Japanese-American biochemist, Jokichi Takamine, crystallized adrenalin, the first hormone to be isolated in the twentieth century, from the adrenal medulla, in the summer of 1900. This was the first pure hormone to be isolated from natural sources.
In his private laboratory, Takamine developed, from a fungus grown on rice, a starch-digesting enzyme similar to diastase; he named it Takadiastase. In 1890 he was called to the United States to devise a practical application of the enzyme for the distilling industry.

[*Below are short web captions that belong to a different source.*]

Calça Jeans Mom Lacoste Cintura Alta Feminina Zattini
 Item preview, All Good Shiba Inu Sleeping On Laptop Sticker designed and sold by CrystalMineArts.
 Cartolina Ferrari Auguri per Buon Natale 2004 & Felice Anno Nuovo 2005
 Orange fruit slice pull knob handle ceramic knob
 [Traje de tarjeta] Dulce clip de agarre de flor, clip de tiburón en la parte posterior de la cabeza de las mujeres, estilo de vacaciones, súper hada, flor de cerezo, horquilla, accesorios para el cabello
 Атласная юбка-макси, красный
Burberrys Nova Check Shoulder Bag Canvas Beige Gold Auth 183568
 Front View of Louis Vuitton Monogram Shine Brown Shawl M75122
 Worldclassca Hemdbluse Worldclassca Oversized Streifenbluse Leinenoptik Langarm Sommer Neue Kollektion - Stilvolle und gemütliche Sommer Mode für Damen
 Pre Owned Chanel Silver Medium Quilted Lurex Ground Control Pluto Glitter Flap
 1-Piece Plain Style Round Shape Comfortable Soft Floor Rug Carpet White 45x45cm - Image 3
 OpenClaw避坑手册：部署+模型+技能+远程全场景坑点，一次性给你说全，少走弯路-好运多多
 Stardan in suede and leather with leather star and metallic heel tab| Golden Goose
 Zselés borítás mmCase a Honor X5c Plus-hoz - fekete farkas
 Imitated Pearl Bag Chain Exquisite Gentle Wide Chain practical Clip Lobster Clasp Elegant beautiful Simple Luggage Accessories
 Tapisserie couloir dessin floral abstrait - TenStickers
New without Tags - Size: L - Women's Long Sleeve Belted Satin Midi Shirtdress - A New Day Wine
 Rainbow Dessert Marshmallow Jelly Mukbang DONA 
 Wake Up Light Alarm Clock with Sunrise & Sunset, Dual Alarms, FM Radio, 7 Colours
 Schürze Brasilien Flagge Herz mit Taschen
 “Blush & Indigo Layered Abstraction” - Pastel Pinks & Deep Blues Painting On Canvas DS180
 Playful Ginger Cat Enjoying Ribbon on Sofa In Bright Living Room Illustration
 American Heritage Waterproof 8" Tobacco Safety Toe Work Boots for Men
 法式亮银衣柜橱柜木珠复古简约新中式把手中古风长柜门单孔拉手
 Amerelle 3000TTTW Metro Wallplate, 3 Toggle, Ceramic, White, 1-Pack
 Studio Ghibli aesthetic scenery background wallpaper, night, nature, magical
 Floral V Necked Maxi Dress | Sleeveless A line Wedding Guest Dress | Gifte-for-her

At this time he took up permanent residence in the United States, establishing the laboratory at Clifton, N.J., where his pioneering research in the isolation of adrenalin was carried out. The production of Takadiastase for medicinal use was taken over by the Parke-Davis Co., with whom Takamine was associated for the remainder of his career. He maintained close ties with Japan, aiding its development of industrial dyes, aluminum fabrication, nitrogen fixation, the electric furnace, and the manufacture of Bakelite.
As Takamine became wealthier, he left his laboratory work behind and turned his energies toward improving the position of the Japanese in the United States. He helped found the Nippon Club and the Japan Society to foster better relations between Americans and the Japanese. When Takamine learned in 1909 that First Lady Helen Herron Taft was working to beautify the Tidal Basin area around the Potomac River in Washington, DC, he funded a gift of 3000 cherry trees from the mayor of Tokyo to the city of Washington. This symbol of Japanese–American friendship has become a clichéd tourist attraction and festival that began in 1927, but almost no one remembers the man who was instrumental in making it happen.